What are the differences between the ‘multi’ method and MultiNest?

First, the multi-ellipsoid method in Nestle is based on the algorithm described in Feroz, Hobson & Bridges (2009), so it doesn’t yet include any later algorithmic improvements in the MultiNest software. Second, there are subtle but important differences in the part of the algorithm that decides when to split an ellipsoid into multiple ellipsoids. I found that implementing the algorithm precisely as described gave biased results in higher dimensions due to the ellipsoids being split too aggressively into a large number of very small ellipsoids that no longer enclose the full iso-likelihood surface. Therefore, the implementation in Nestle is more conservative about splitting ellipsoids. This results in a slightly lower efficiency but greater robustness.

Sampling is taking a long time. What should I do?

First, you can check the progress by passing the parameter callback=nestle.print_progress to see how sampling is progressing.

If you see the progress in iterations slowing down as sampling progresses, your likelihood may be multimodal. The default method is the single ellipsoid method ('single'). When the likelihood is multimodal a single ellipsoid encompassing all active points will include the “valleys” in the posterior, and sampling from the single ellipsoid will therefore be inefficient for selecting points higher than the likelihood constraint. In this case try method='multi'.
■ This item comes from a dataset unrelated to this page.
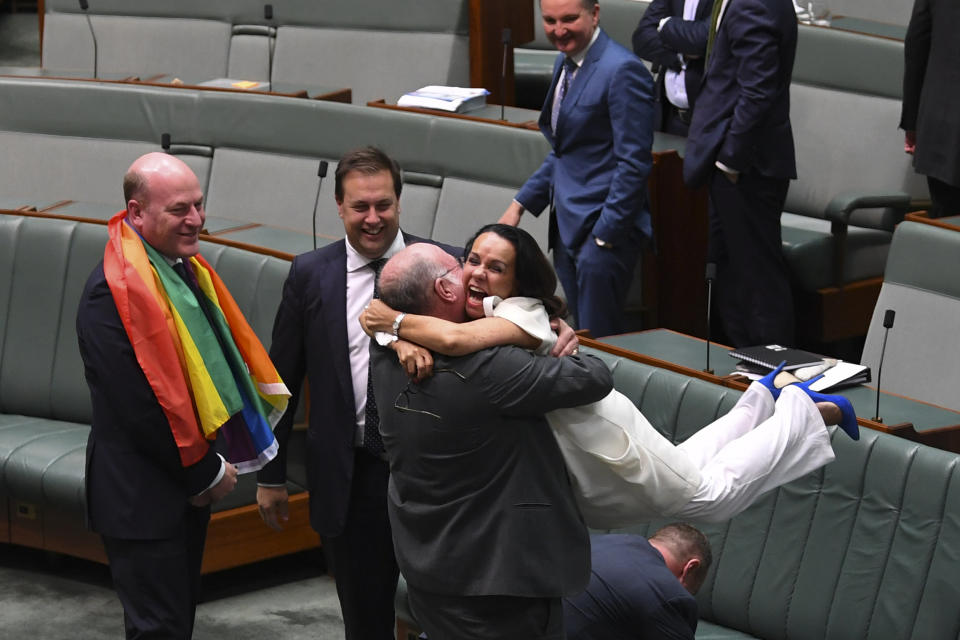 <p>Der australische Politiker Warren Entsch hebt seine Kollegin Linda Burney in die Lüfte, nachdem das Unterhaus in Canberra die Ehe für alle beschlossen hat. Ab kommendem Jahr können nun auch in Australien gleichgeschlechtliche Paare heiraten. (Bild: AAP/Lukas Coch/via REUTERS) </p>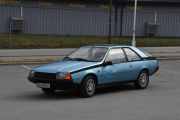 Her kommer det også en, er nok av den usminka typen dette også. Men han kommer i en Renault Fuego TX fra 1981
If sampling seems to be progressing efficiently, it might be the case that the high likelihood regions of the parameter space are very small compared to the prior volume. Nested sampling starts by uniformly sampling the entire prior volume. Then, on each iteration the volume sampled by the active points shrinks by a constant factor. Thus, the number of iterations necessary increases as the high-likelihood region becomes smaller relative to the prior volume. It is important to consider whether your priors are well-motivated and whether they might be overly conservatively wide. (Note that an overly conservative prior will also decrease the evidence!)

References¶

Feroz, Hobson & Bridges 2009. MultiNest: an efficient and robust Bayesian inference tool for cosmology and particle physics. MNRAS, 398, 1601.

Mukherjee, Parkinson & Liddle 2006. A Nested sampling algorithm for cosmological model selection. ApJ, 638, L51.

Shaw, Bridges & Hobson 2007. Efficient Bayesian inference for multimodal problems in cosmology. MNRAS, 378, 1365.

Silvia & Skilling 2006. Data Analysis: A Bayesian Tutorial, 2nd Edition. Oxford University Press.

Skilling, J. 2004. Nested Sampling. In Maximum entropy and Bayesian methods in science and engineering (ed. G. Erickson, J.T. Rychert, C.R. Smith). AIP Conf. Proc., 735, 395.

Citation¶

If you use Nestle in your work, please cite the github repository and the relevant references listed above.